Warren Hayne est trop respectueux de ses influences, c’est un moteur qui modèle le carburant qu’il a à sa disposition. Donnez-lui les chants prétentieux de Bob Marley et ses ouailles , et il sonne comme les enceintes des disquaires reggae.

Mighty Hight , est l’incarnation de ce vide qui se prend au sérieux , de ces prêtres rasta à la philosophie de beauf. Toute énergie est tuée dans l’œuf par des rythmes léthargiques , la voie de Hayne perd toutes profondeurs et ses solos semblent hors sujet. Et quand les rythmes s’alourdissent, toujours dans une cadence ralentie, les élucubrations pseudo mystiques d’un illuminé permettent au disque de définitivement toucher le fond.

Comble de l’horreur, le play with fire des Stones est le premier à subir les « Oyoyo ! » débiles d’un zouave décérébré. Le titre a au moins le mérite de prouver que, si Keith Richard était aussi un amateur de ce genre d’étron, son groupe n’a jamais réussi à en tirer quoi que ce soit d’intéressant.

Mighty Hight devait en réalité jouer le rôle autrefois tenu par les albums live , c’est pour cela qu’il est majoritairement composé de reprises.
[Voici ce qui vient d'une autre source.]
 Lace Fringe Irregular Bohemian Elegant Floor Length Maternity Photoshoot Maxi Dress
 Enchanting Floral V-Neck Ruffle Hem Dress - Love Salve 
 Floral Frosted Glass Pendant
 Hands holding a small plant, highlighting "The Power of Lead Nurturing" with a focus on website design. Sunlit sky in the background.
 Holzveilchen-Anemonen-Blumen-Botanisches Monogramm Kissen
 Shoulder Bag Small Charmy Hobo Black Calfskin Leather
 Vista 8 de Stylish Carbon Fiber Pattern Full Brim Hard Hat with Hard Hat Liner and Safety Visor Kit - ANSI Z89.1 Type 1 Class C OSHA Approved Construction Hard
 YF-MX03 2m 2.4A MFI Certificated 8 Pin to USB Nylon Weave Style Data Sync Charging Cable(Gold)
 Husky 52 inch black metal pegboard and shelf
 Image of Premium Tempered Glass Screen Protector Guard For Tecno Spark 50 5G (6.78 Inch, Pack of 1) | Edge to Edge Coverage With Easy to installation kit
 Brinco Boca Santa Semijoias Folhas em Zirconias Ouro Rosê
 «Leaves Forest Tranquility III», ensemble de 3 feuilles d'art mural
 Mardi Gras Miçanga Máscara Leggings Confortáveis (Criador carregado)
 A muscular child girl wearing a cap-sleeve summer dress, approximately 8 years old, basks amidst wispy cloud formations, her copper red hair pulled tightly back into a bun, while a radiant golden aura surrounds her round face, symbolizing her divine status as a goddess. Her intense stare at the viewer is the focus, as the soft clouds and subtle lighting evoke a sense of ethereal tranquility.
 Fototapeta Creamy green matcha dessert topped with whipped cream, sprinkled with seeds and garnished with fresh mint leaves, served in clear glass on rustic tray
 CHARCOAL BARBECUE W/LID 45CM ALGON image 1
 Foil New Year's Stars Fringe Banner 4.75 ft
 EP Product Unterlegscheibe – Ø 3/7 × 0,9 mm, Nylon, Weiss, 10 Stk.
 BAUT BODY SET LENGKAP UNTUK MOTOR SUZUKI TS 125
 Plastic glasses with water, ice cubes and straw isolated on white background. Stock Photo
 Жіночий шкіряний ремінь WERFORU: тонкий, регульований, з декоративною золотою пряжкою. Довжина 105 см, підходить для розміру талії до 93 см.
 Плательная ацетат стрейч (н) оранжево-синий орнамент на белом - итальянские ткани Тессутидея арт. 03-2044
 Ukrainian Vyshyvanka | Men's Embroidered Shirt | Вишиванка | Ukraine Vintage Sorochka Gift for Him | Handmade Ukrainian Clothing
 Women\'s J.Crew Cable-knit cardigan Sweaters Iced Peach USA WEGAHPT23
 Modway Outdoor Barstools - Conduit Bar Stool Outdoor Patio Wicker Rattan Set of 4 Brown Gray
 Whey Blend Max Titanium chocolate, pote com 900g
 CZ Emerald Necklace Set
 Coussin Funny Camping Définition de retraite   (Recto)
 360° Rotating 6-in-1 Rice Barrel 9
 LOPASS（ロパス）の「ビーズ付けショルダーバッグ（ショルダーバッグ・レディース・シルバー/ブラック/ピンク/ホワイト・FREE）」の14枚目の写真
On pourra donc se rassurer en se disant que cette horreur n’est qu’un album de reprises ratées, et que la prochaine création de ce groupe ne souffrira pas de ses égarements.

La basse gronde comme les premières détonations d’un cratère volcanique, elle lave Gov’t mule de sa boue reggae. Down by the brazos est une introduction jouissive, le retour à la fureur heavy blues des débuts.  Avec une telle ouverture, By a thread honore le fantôme d’Allen Woody, montre qu’il n’a pas perdu en intensité ce qu’il a gagné en maturité.

Prévu pour juillet , cet album fut longtemps mis de côté pour permettre à Warren Hayne d’honorer ses engagements auprès du Grateful Dead et de l’ABB. Résultat, quand le disque sort enfin en octobre, c’est un véritable déchaînement, comme si cet album était nourri de toute la frustration cumulée pendant ces mois d’absences. La production est crue, et le clavier autrefois si fringuant se fait très discret face au heavy blues du groupe.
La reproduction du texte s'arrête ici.